And I couldn’t hold back. I told her more or less that her husband needs to grow the hell up and she needs to stop being such a doormat who takes it all with a smile on her face and an offer of ice cold water in his favorite glass.
So far she is still talking to me but I did notice her change the subject when it got rather heated on my end. I want to shake her sometimes and say, WAKE UP! He is miserable and he wants to make everyone miserable and you allow him to walk all over you again and again and again. And he knows you will simply make the excuses for him necessary to wash his hands of whatever situation you all have found yourselves in and then spend the next five years blaming YOU solely and completely for the fall-out.

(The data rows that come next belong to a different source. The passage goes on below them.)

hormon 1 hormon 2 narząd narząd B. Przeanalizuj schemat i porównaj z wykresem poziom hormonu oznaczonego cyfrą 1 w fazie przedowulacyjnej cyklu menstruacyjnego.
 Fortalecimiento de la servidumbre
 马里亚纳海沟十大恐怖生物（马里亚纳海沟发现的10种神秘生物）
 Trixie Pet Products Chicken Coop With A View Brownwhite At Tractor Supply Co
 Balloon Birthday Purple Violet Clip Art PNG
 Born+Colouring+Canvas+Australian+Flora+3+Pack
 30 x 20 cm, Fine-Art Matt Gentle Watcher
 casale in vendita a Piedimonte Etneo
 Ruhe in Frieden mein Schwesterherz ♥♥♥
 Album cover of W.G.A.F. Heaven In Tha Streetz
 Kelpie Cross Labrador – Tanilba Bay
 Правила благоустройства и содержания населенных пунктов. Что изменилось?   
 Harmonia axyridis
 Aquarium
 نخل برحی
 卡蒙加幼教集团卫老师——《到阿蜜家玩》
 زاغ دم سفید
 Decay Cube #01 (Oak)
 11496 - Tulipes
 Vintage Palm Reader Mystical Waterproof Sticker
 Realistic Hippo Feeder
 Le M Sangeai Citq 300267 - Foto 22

Now, I realize too that these types of people CHOOSE to stay in these kinds of relationships (for a multitude of reasons, I know) and she obviously has chosen to live this way and in some regards accepts it.
I know she is all religious – and hey, to each his own – but nowhere does it say that a woman is supposed to be a DOORMAT to her husband. NOWHERE!
So, if you want those flying unicorns to tell you to keep praying that your asshole husband is going to come around, “I just know it”, then please don’t come looking for me because I cannot fill your head with ridiculous platitudes when the dick you are married to is trying to bring you down and everyone else with him into a pit of misery, hate, and meanness.